In the regression analysis, \(X\) (e.g: carapace width) is considered the explanatory variable and the classification of maturity \(CS\) (juveniles: 0, adults: 1) is considered the response variable (binomial). The variables are fitted to a logit function with the form:

\[P_{CS} = \frac{1}{1+e^{-(\hat{\beta}_{0} + \hat{\beta}_{1}*X)}}\]

where \(P_{CS}\) is the probability of an individual of being mature at a determinate \(X\) length. \(\hat{\beta}_{0}\) (intercept) and \(\hat{\beta}_{1}\) (slope) are parameters estimated. The \(L_{50}\) is calculated as:

\[L_{50} = -\frac{\hat{\beta}_{0}}{\hat{\beta}_{1}}\]

The `morph_mature`

function requires an object of class “classify” with the X, Y (allometric variables) and classification of maturity (juveniles = 0, adults = 1).

The argument `method`

requires a character string indicating which regression will be used for the test.
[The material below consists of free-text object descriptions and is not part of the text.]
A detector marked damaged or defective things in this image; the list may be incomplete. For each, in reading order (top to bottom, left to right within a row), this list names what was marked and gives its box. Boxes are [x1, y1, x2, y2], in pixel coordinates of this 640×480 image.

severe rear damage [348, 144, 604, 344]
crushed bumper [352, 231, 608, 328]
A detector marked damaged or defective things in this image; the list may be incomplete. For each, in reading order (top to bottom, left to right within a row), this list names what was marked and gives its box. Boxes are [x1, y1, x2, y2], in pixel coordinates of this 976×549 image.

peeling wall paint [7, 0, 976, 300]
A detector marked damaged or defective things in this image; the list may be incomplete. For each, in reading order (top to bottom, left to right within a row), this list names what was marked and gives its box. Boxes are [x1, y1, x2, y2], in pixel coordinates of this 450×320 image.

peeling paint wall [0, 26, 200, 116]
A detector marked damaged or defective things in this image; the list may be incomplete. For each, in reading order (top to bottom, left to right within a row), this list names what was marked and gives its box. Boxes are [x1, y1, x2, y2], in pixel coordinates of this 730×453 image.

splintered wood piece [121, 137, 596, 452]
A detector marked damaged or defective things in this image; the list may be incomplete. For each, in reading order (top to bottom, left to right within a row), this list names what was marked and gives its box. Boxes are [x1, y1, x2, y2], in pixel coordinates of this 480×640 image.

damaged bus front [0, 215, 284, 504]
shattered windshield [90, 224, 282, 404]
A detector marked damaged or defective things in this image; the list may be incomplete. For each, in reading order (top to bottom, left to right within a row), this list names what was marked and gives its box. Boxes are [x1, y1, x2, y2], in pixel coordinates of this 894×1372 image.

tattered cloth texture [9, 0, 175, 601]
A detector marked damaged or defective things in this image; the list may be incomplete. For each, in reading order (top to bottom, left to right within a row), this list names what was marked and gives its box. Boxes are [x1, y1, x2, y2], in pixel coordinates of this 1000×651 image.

If `method = "fq"`

the logit regression is based on GLM (frequentist) and if `method = "bayes"`

a sample from the posterior distribution of a logit regression model using a random walk Metropolis algorithm is generated (see MCMClogit function).

The argument `niter`

requires a number. For the GLM regression (`method = "fq"`

), a non-parametric bootstrap method consists in generate B bootstrap samples, by resampling with replacement the original data. Then all statistics for each parameter can be calculated from each bootstrap sample (median and confidence intervals). For the `method = "bayes"`

, the argument `niter`

is related to the number of Metropolis iterations for the sampler.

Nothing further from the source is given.